*** Opening SOURCE MATERIAL ***

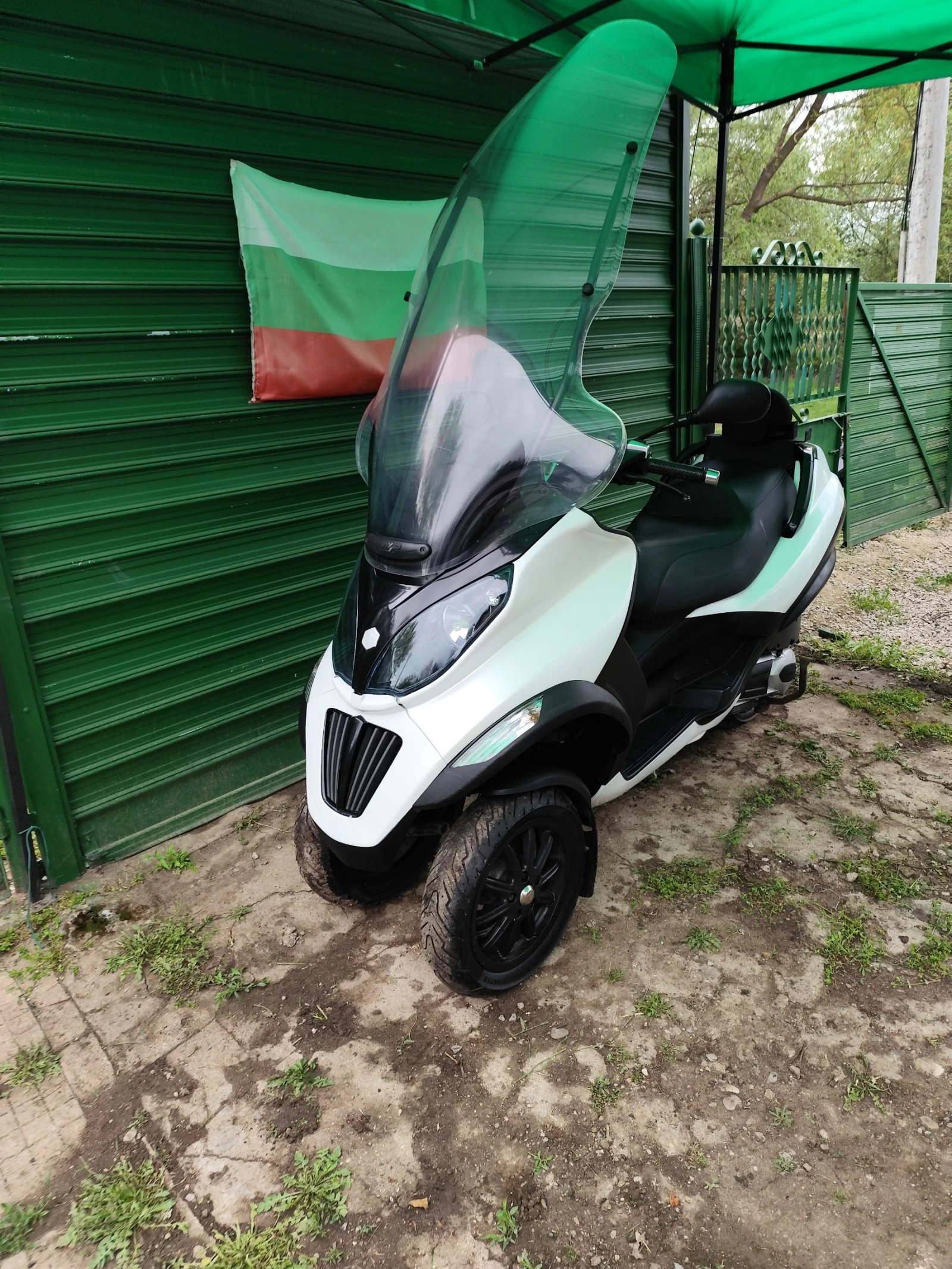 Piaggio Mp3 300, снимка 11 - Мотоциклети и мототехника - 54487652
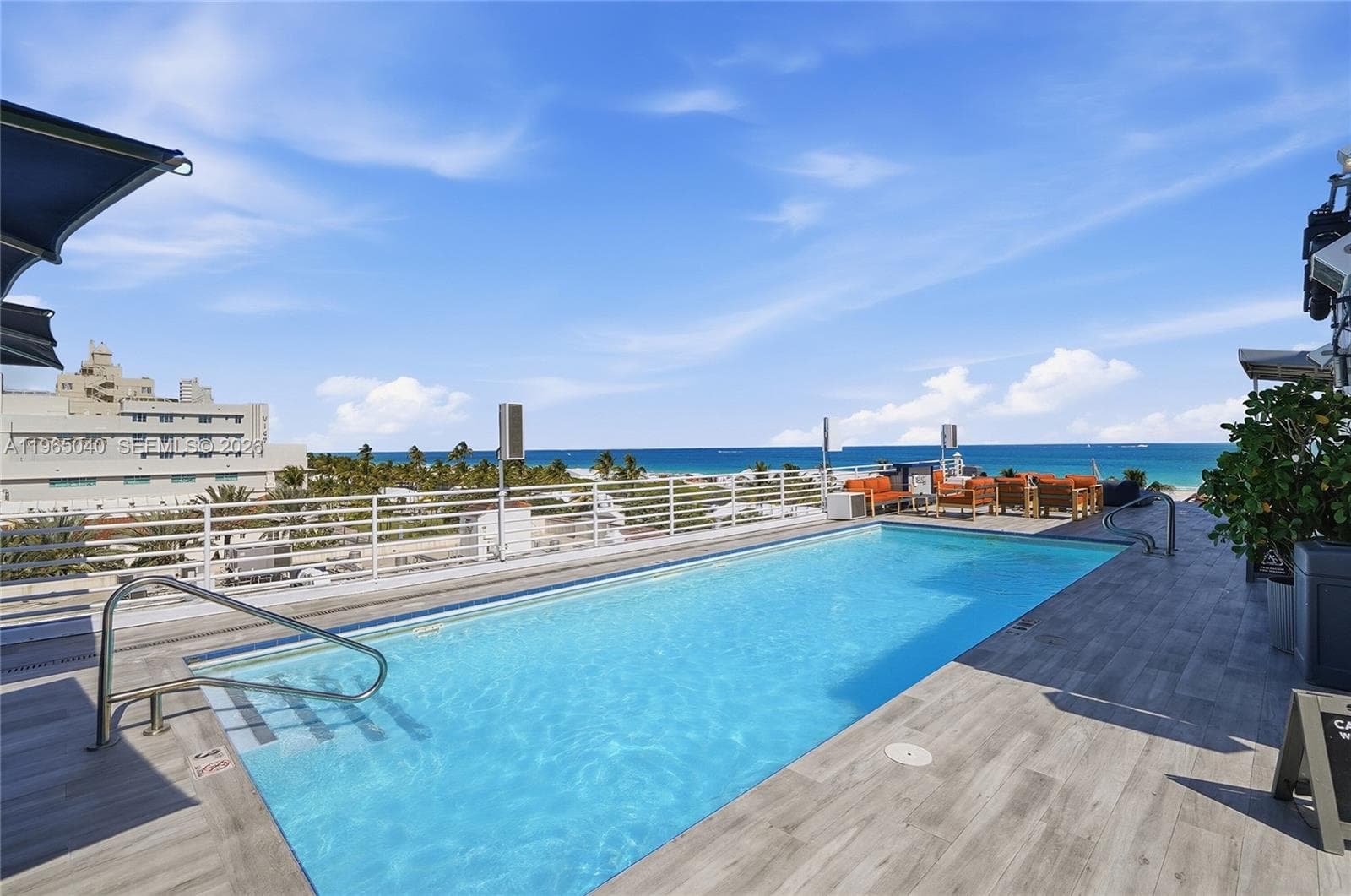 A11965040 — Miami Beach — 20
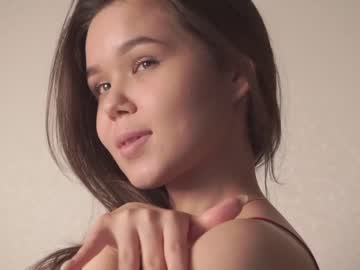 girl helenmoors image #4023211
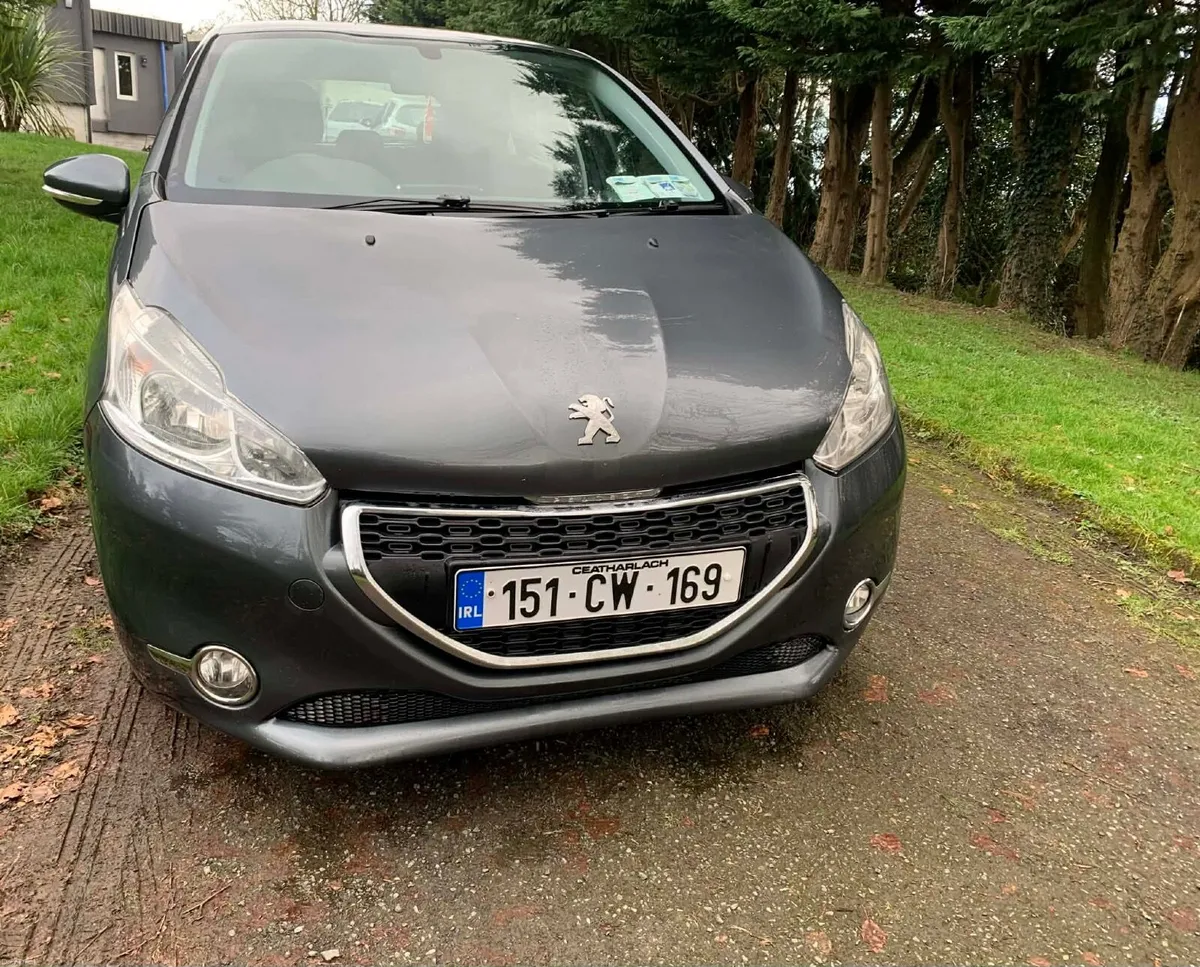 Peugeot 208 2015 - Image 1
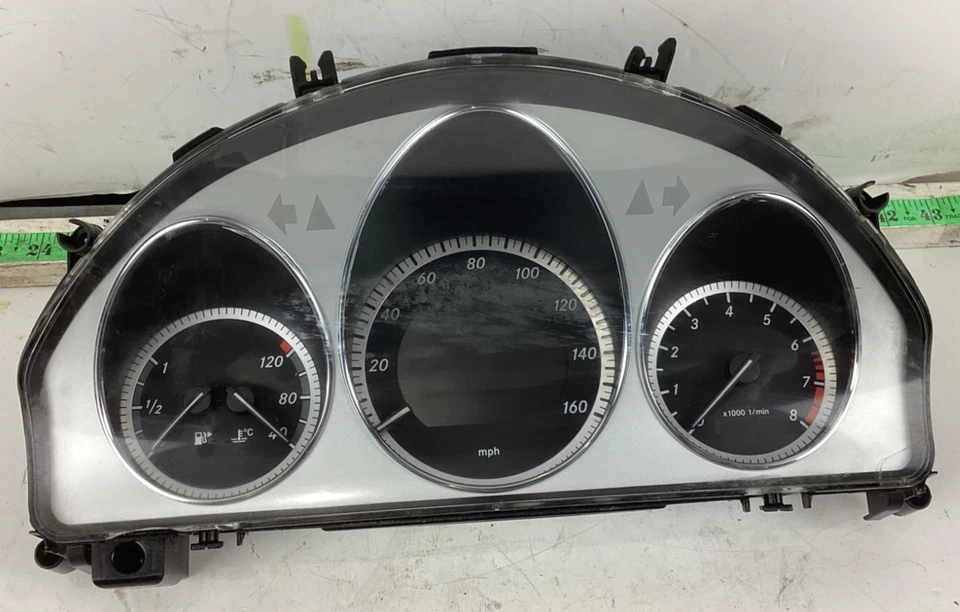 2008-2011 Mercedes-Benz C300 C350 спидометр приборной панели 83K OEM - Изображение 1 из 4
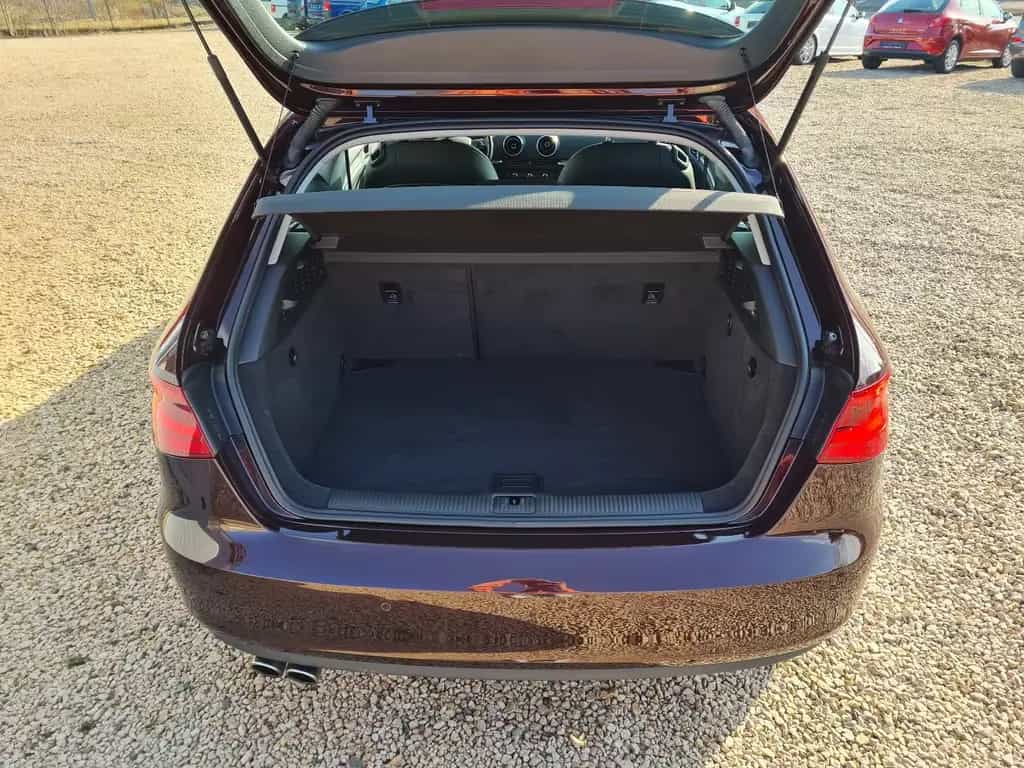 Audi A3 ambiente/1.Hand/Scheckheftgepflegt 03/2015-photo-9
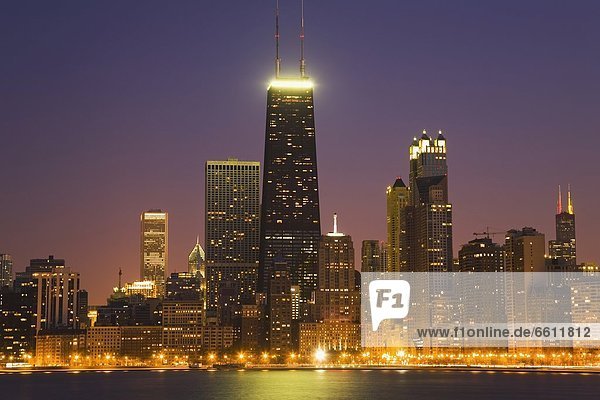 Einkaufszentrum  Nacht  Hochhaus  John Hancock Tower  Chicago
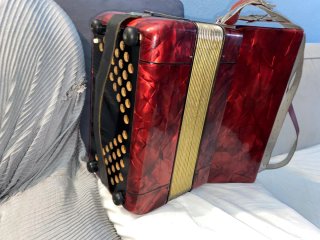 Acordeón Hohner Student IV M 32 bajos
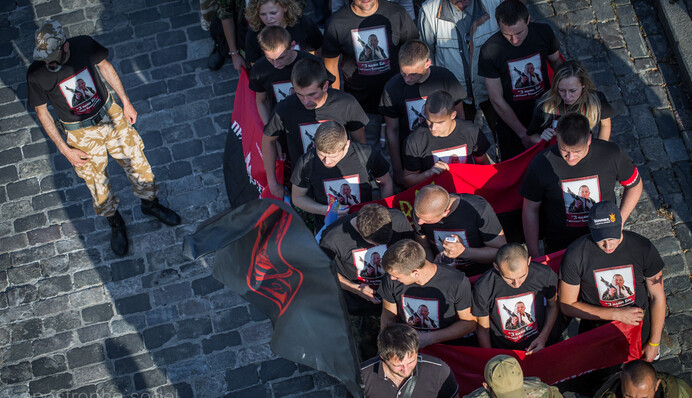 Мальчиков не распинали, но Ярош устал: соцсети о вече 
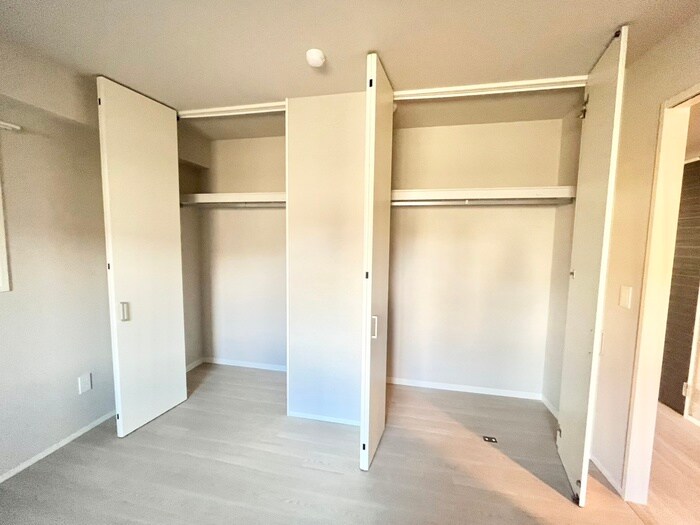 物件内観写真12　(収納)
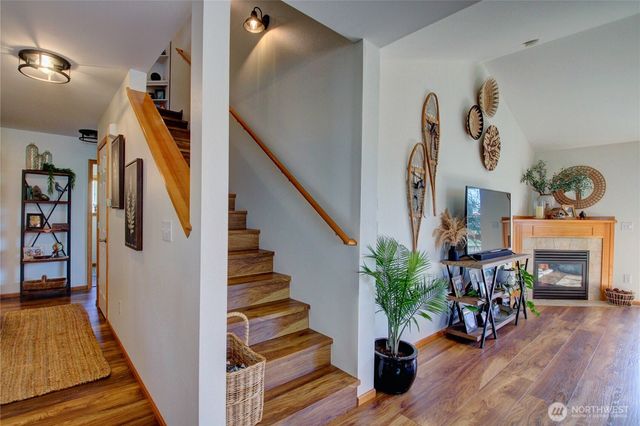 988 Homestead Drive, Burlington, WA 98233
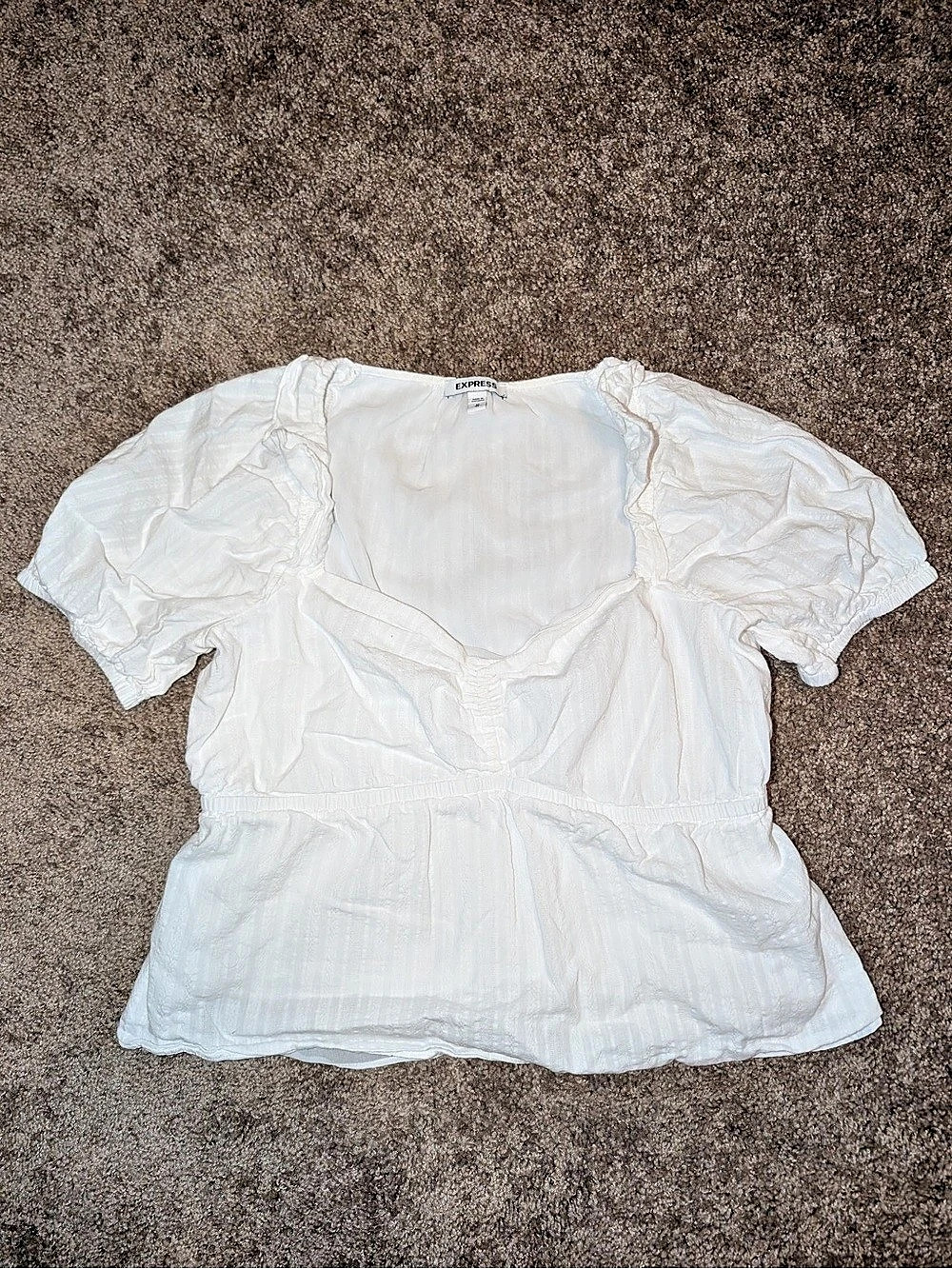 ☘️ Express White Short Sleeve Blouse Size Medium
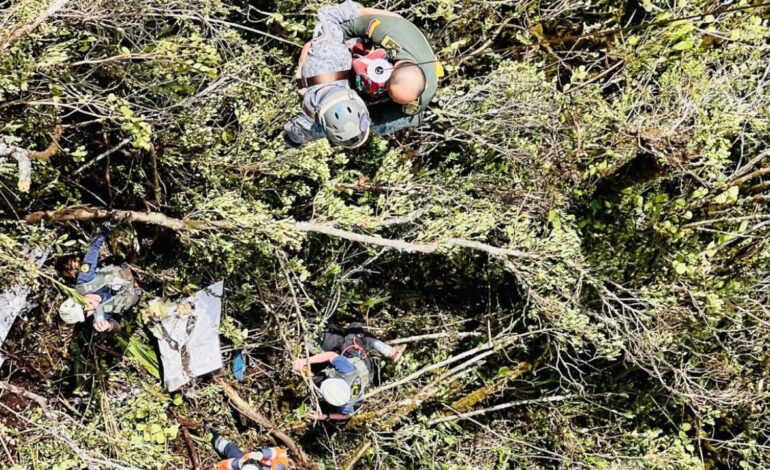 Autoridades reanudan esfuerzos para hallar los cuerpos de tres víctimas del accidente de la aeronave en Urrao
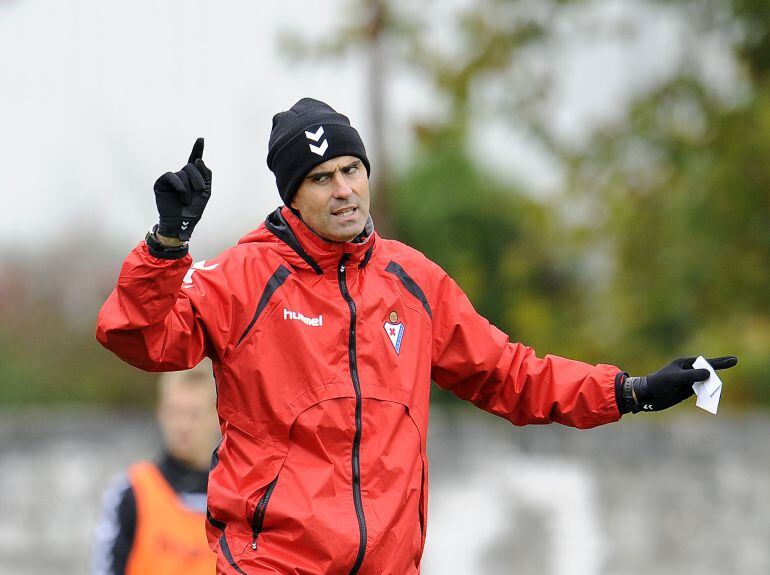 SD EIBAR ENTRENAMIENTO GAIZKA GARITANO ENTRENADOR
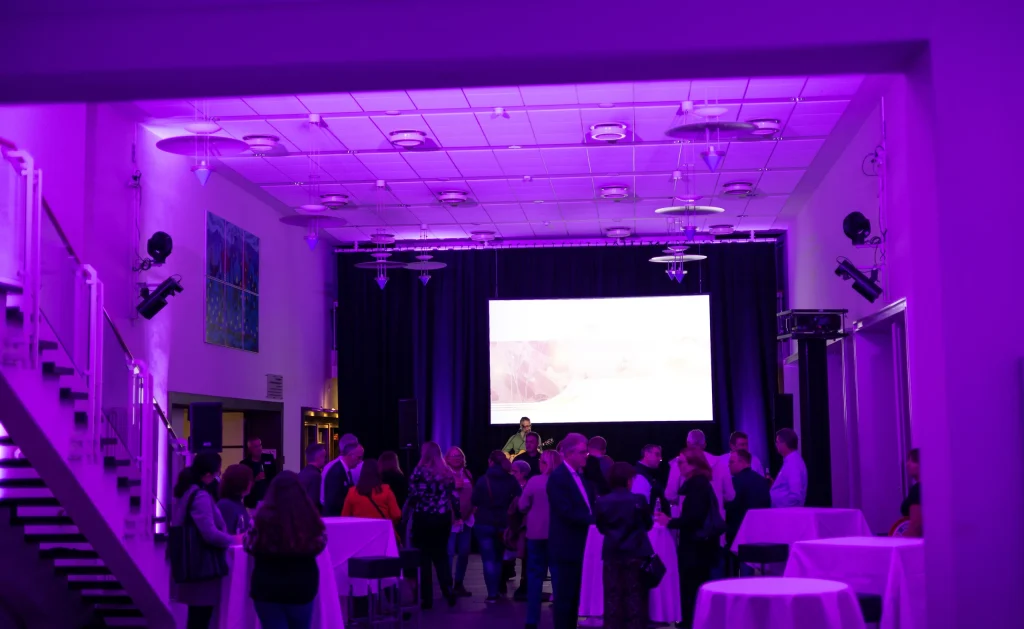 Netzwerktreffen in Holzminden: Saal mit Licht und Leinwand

*** Closing SOURCE MATERIAL ***

Restate the material above word for word, omitting the pictures.

#### SOLUTION FOR THIS PROBLEM
 Piaggio Mp3 300, снимка 11 - Мотоциклети и мототехника - 54487652
 A11965040 — Miami Beach — 20
 girl helenmoors image #4023211
 Peugeot 208 2015 - Image 1
 2008-2011 Mercedes-Benz C300 C350 спидометр приборной панели 83K OEM - Изображение 1 из 4
 Audi A3 ambiente/1.Hand/Scheckheftgepflegt 03/2015-photo-9
 Einkaufszentrum  Nacht  Hochhaus  John Hancock Tower  Chicago
 Acordeón Hohner Student IV M 32 bajos
 Мальчиков не распинали, но Ярош устал: соцсети о вече 
 物件内観写真12　(収納)
 988 Homestead Drive, Burlington, WA 98233
 ☘️ Express White Short Sleeve Blouse Size Medium
 Autoridades reanudan esfuerzos para hallar los cuerpos de tres víctimas del accidente de la aeronave en Urrao
 SD EIBAR ENTRENAMIENTO GAIZKA GARITANO ENTRENADOR
 Netzwerktreffen in Holzminden: Saal mit Licht und Leinwand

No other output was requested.